Orthogonal Complements and The Four Fundamental Subspaces

How can we decompose the input and output spaces?

Two vectors are considered orthogonal if their dot product is zero, but this idea extends to more than just individual vectors. We can have whole collections of vectors that are orthogonal to each other, namely, subspaces that are orthogonal. Going further, we can talk about orthogonal complements: subspaces that are orthogonal to each other and together fill the entire space. We already know that a linear transformation has a range and a null space, and the same is true for its adjoint. These give us the four fundamental subspaces. The interesting part is that these subspaces come in orthogonal complement pairs, which split their respective spaces.

Orthogonal Complement

Remember that we defined orthogonality, or vectors being perpendicular, as having a dot product of zero. Now consider two different subspaces \(U_1\) and \(U_2\). If every vector \(\mathbf{u} \in U_1\) is perpendicular to every vector \(\mathbf{v} \in U_2\), that is, if \(\mathbf{u}^{\top}\mathbf{v}=0\), then we say that the subspaces are orthogonal to each other.

Recall from the subspaces chapter that when we talked about direct sums of subspaces, there could be no overlap between them except for the zero vector. In the case of orthogonal subspaces, the idea is the same, except that we now have the additional condition that the vectors must be perpendicular to each other.

Example

In the subspaces chapter, we discussed the possible subspaces of \(\mathbb{R}^{n}\), such as the zero vector, lines through the origin, planes through the origin, and so on. Now let our vector space be \(\mathbb{R}^{3}\). Our two subspaces will be two separate lines in \(\mathbb{R}^{3}\) that pass through the origin and are perpendicular to each other.

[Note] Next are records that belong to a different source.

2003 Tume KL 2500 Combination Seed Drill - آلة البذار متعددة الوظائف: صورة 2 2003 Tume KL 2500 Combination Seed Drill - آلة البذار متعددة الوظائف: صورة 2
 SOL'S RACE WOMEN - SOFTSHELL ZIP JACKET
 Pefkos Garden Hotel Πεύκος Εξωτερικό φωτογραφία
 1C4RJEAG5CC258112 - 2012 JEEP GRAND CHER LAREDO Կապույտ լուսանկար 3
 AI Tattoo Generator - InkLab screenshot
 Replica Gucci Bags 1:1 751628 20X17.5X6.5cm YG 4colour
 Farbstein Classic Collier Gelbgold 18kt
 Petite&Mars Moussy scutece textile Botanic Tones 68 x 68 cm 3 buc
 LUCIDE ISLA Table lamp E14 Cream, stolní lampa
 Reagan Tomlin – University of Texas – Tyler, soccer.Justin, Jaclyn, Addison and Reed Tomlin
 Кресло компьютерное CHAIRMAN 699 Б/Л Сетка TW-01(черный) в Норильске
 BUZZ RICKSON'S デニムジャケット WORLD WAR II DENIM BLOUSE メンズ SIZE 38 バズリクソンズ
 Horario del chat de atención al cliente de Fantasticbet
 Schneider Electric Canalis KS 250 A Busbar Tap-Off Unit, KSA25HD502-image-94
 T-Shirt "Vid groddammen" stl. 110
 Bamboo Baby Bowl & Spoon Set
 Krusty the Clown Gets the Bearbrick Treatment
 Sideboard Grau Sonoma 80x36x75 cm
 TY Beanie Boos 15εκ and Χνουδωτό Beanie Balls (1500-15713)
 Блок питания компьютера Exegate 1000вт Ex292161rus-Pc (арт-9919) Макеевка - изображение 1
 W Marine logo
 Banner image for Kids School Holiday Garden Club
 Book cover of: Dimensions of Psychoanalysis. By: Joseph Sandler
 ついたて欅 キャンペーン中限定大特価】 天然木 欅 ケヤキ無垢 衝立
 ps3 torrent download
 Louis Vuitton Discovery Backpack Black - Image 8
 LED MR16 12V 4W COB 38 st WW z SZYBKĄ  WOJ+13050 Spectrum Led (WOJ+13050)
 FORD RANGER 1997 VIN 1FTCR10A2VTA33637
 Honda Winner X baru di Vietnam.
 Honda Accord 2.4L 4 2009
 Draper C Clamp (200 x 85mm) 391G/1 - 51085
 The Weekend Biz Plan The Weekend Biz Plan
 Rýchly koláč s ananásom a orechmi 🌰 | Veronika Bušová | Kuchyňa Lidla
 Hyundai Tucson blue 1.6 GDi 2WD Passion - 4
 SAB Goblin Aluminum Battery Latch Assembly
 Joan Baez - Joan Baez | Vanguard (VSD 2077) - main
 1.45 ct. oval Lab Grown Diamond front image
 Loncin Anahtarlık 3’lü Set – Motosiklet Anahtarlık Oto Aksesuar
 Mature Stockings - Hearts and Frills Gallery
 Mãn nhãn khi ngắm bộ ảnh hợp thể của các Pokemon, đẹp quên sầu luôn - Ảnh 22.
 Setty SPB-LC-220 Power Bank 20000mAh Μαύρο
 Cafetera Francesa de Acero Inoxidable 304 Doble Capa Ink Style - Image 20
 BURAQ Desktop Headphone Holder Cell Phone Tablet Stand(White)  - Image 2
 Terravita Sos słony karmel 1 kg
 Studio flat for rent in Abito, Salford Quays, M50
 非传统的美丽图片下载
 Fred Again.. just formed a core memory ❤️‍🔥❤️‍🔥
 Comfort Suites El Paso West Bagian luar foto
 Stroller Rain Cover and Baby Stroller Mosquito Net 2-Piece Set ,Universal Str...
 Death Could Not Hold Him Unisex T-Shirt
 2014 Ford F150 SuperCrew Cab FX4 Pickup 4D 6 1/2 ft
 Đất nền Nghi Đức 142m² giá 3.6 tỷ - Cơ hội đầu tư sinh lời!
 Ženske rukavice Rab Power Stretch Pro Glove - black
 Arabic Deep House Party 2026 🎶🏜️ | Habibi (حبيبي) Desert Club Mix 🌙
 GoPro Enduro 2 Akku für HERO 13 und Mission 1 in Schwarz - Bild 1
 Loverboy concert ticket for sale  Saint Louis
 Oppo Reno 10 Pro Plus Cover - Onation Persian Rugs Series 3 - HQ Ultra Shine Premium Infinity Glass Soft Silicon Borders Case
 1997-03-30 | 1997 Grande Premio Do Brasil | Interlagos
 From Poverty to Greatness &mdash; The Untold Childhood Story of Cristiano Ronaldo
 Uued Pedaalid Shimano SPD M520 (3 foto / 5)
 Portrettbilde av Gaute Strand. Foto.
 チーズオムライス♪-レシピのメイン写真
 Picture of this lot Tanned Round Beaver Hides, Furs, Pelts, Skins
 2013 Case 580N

These are our orthogonal subspaces. No matter which \(\mathbf{u} \in U_1\) or \(\mathbf{v} \in U_2\) you choose, they will be perpendicular to each other. However, we also know that \(\text{dim}(\mathbb{R}^3)=3\). Each of these subspaces has dimension \(1\), since a single nonzero vector, together with all its scalar multiples, spans the entire subspace. This means one dimension is missing, because \(3−1−1=1\).

If two subspaces are orthogonal to each other and their dimensions add up to the dimension of the whole space, then we call one the orthogonal complement of the other. One subspace “completes” the other by being perpendicular to it and filling the rest of the space. In the example above, the two lines are perpendicular, but neither is the orthogonal complement of the other.

If our vector space is \(\mathbb{R}^3\) and our subspace is a one-dimensional line, then its orthogonal complement must have dimension \(2\) and be orthogonal to that line. It fills the remaining part of the space, in this case, it is a plane in \(\mathbb{R}^3\). Specifically, in \(\mathbb{R}^3\), orthogonal complements can only have dimensions \(2\) and \(1\), or \(3\) and \(0\).

If you have a vector \(\mathbf{v}\) and you know that it is orthogonal to some vector in the first subspace, then it must lie in the second subspace, and vice versa. Formally:

If \(U\) is a subset of \(V\), then the orthogonal complement of \(U\), denoted by \(U^{\perp}\), is the set of all vectors in \(V\) that are orthogonal to every vector in \(U\):

\(U^{\perp} = \{\mathbf{v} \in V: \langle \mathbf{u}, \mathbf{v} \rangle = 0\}\) for every \(\mathbf{u} \in U\)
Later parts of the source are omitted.